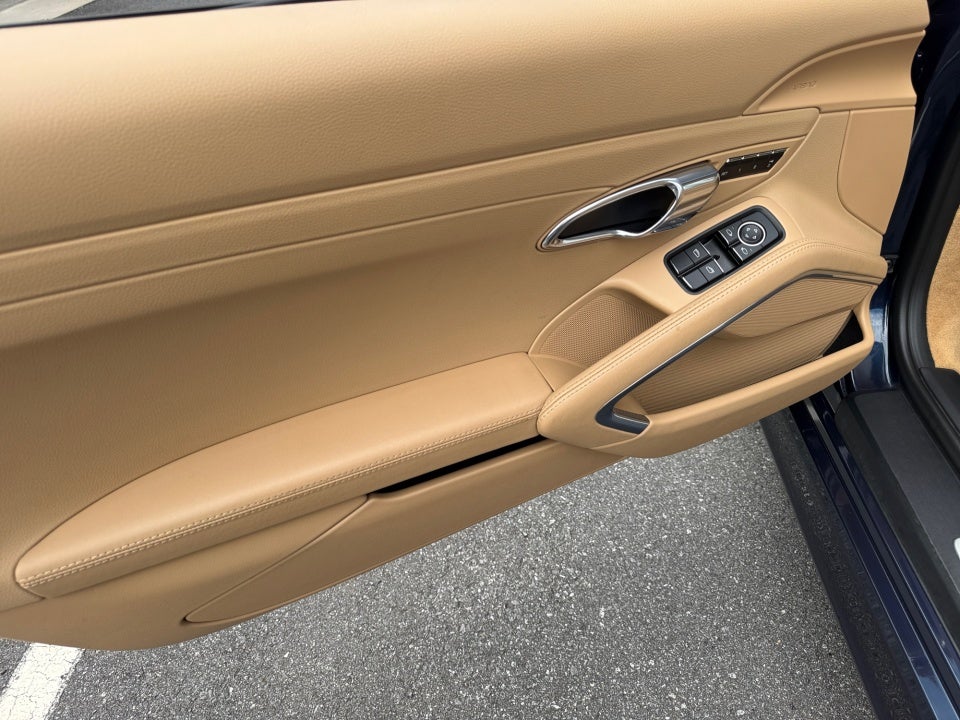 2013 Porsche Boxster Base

* * * * * * * * *

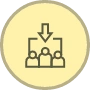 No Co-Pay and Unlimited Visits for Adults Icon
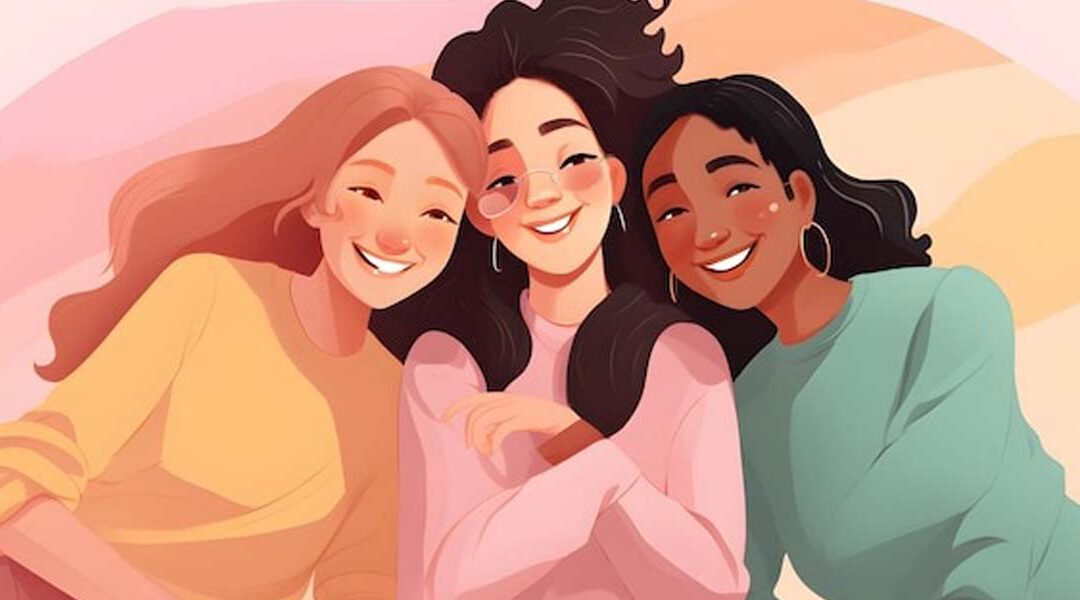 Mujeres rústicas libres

* * * * * * * * *

__INSTRUCTIONS TO FOLLOW__
When copying from the data above, print only the lines from the line containing "No Co-Pay and" to the line containing "Mujeres rústicas libres", exactly, and leave the pictures out.

__RESPONSE TO THIS TASK__
 No Co-Pay and Unlimited Visits for Adults Icon
 Mujeres rústicas libres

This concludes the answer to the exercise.